Think of common historical events that for us in the here and now seem impossible to comprehend: collapsing economic sectors, wars that steal whole generations, dying from a blister. With that in mind, the author of the piece says our cushy, plush, yet harried ride is about to come to an abrupt end. Dues will be paid. There's going to be a big, terrible thing. She feels the tremors in the Zeitgeist, especially in Hollywood, where movies about asteroid-earth collisions, urban volcanoes, and aliens blowing up the White House have hit regularly throughout the '90s. Too many in this hive of global humanity think America is the great Satan. Too many dark genies have been released from whatever box Pandora once had locked-up: nuclear material, nasty germs, noxious chemicals. We'll be like Coolidge's son on the White House lawn, caught in a carefree bout of tennis when he suddenly gets a blister that sends him to the embalmer.
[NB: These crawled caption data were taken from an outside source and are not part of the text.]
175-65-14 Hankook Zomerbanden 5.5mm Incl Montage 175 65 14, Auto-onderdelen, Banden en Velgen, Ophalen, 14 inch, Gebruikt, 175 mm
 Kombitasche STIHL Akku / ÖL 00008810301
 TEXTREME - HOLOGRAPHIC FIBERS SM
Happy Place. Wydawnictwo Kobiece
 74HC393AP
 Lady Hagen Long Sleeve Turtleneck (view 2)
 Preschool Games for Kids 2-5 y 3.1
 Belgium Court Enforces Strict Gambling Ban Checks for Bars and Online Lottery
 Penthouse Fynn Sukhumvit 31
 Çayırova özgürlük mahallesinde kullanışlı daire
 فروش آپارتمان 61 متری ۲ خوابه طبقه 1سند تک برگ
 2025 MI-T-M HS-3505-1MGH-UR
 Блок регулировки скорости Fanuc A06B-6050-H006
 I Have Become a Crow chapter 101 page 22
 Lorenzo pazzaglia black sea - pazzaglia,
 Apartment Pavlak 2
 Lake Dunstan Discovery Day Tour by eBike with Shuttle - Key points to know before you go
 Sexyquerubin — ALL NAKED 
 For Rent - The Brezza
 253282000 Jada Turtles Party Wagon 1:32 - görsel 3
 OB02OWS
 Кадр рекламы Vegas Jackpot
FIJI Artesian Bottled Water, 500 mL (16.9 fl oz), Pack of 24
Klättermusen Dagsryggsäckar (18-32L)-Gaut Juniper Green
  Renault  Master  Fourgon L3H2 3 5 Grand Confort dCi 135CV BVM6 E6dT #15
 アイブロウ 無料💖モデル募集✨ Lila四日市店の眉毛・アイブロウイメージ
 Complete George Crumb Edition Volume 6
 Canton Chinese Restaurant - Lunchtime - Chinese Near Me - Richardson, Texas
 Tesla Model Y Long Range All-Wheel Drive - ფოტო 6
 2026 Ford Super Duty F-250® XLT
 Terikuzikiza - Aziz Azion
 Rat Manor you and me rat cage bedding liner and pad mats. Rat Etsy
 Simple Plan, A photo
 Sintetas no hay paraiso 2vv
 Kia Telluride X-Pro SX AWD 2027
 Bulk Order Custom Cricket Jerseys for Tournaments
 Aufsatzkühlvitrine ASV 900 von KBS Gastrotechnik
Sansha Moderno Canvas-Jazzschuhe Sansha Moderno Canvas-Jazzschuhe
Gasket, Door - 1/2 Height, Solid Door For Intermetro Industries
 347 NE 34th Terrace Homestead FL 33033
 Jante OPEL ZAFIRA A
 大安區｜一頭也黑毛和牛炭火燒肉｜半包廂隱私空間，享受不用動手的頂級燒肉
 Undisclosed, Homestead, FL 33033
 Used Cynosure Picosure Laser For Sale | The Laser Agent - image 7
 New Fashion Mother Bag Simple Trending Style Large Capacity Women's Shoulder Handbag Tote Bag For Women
Now, I don't know what all this has to do with seafood, but I don't think it's a coincidence that my companion and I were in the depths of this gloom when that pasta arrived. The first bite stopped me in mid-sentence. My thought train was violently derailed. A single mussel, a shellfish that was turning, caused the drama. "You look a little peaked," my companion said. I stuck my fork into the dish and stirred the mix of mussels, pasta, cooked tomato mush, and soft segments of asparagus stalk. That sour gust turned into a windstorm of hurtful stink. My companion scrunched his face. "Good God. What is that?" he sneered.

And that was it. We stopped everything. Ceased the conversation. Brought the chewing to an end and pushed our dishes off to the side. Still steaming. Still stinking.

And you know what? Our server stopped by and asked us whether we were finished, and he took our plates virtually unchanged from when they first arrived and said not a word. He acted as though taking away full plates, with barely an element missing or upturned, was typical, was not outside the norm. Maybe here it isn't. Yet it's still odd if the place isn't planning to go the way of Graino.

Founded in 1984 by Jack Baum, Newport's Seafood was the first upscale restaurant in the West End. Then, in 1989, Baum purchased Sam's Cafe and took his eye off this seafood ball. As the press release states, "the restaurant subsisted for a few years primarily as a tourist and convention destination." In 1996, Baum offered to sell the "floundering restaurant" to Steve Laham, who was previously the restaurant's general manager. Laham sought to turn the thing around, and there is evidence of an effort. The wine list, for example, is skillfully crafted, with the white section far heavier in wines like sauvignon blanc, pinot gris, gewYrztraminer and Riesling than Chardonnay--as it should be for a seafood restaurant. The red list has more softer varietals and styles than bolder ones--again, appropriate.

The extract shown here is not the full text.